Ne touchez pas à la reine ! Allusion à une ancienne règle de l'étiquette, qui, parait-il, fut longtemps en vigueur à la cour d'Espagne, et existait encore au temps de Philippe V (1683-1746).
Ce n'est pourtant pas, comme on pourrait le croire, la traduction d'un proverbe espagnol, mais un dicton exclusivement français qui a pour origine l'anecdote suivante rapportée par la comtesse d'Aulnoy.
Cela se passait dans la cour du château de Madrid, quelque temps après le mariage du roi Charles II avec Marie-Louise d'Orléans, nièce de Louis XIV (1679).
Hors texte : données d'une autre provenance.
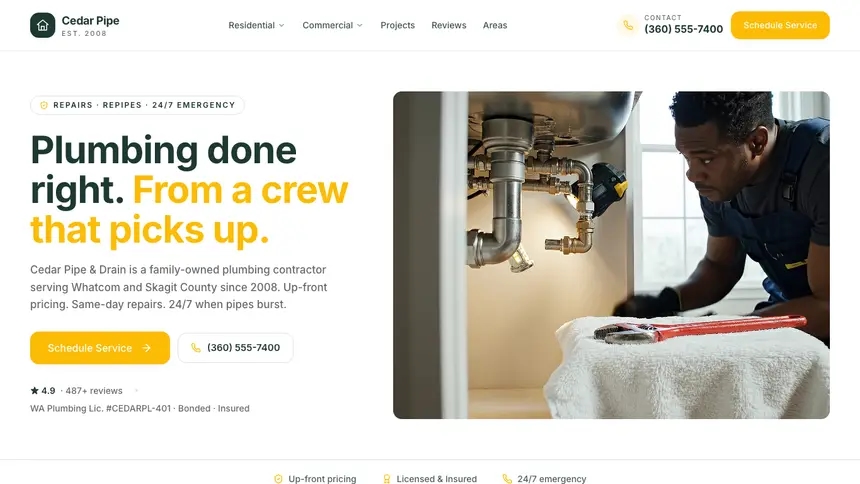 Plumbing Warm Retail demo website thumbnail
Cette princesse, ayant eu la fantaisie de monter un cheval d'Andalousie un peu fringant, tomba si malheureusement que, son pied restant engagé dans l'étrier, elle fut traînée par sa monture, et cela sous les yeux du roi qui, d'un balcon où il était placé, ne pouvait venir à son secours.
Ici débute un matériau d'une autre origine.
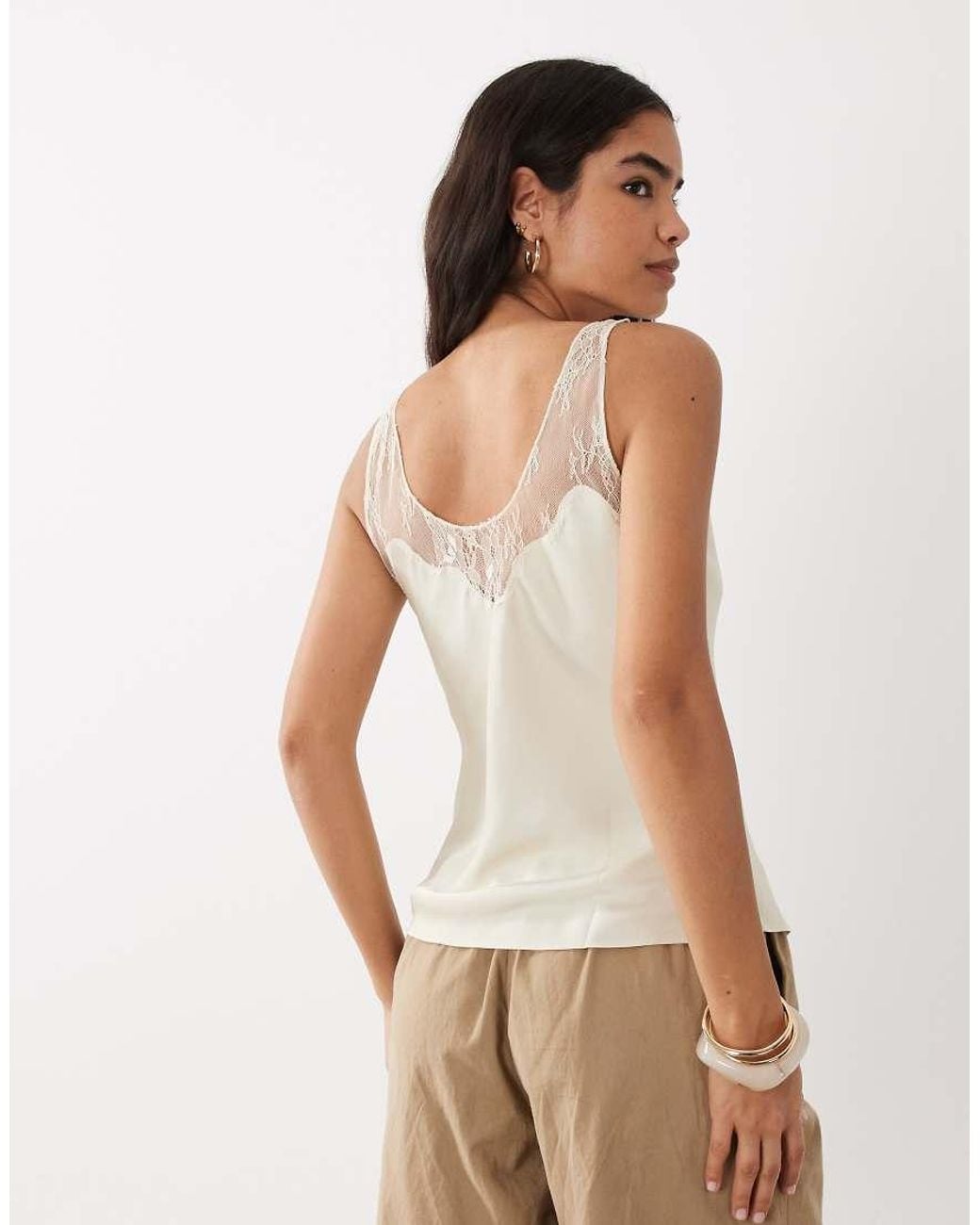 Mango Natural Satin Lace Detail Sleeveless Cami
« La cour, dit Mme d'Aulnoy, étoit toute remplie de personnes de qualité et de gardes : mais l'on n'osoit se hasarder d'aller secourir la reine, parce qu'il n'est point permis à un homme de la toucher, et principalement au pied... »
Deux cavaliers espagnols, sans calculer les graves conséquences de leur témérité, s'élancèrent vers la reine, et furent assez heureux pour la dégager et lui sauver la vie. Après quoi ils se hâtèrent de prendre la fuite pour échapper à la colère du roi. Mais Charles II fut si heureux de voir la reine saine et sauve, que celle-ci n'eut pas de peine à obtenir leur grâce. Elle leur fit même un présent et, depuis lors, leur témoigna une considération particulière.
(Mémoires de la cour d'Espagne, de 1679 à 1681 ; Paris, 1690, 2e partie, p. 38 et suiv.)
Cette aventure a fourni la donnée d'un roman de Michel Masson, publié en 1837, et d'un opéra-comique de Scribe et Gustave Vaëz (musique de Xavier Boisselot), représenté le 16 janvier 1847. Ces deux ouvrages qui portent pour titre : Ne touches pas à la reine ! ont pu suffire à faire de cette formule une sorte de proverbe.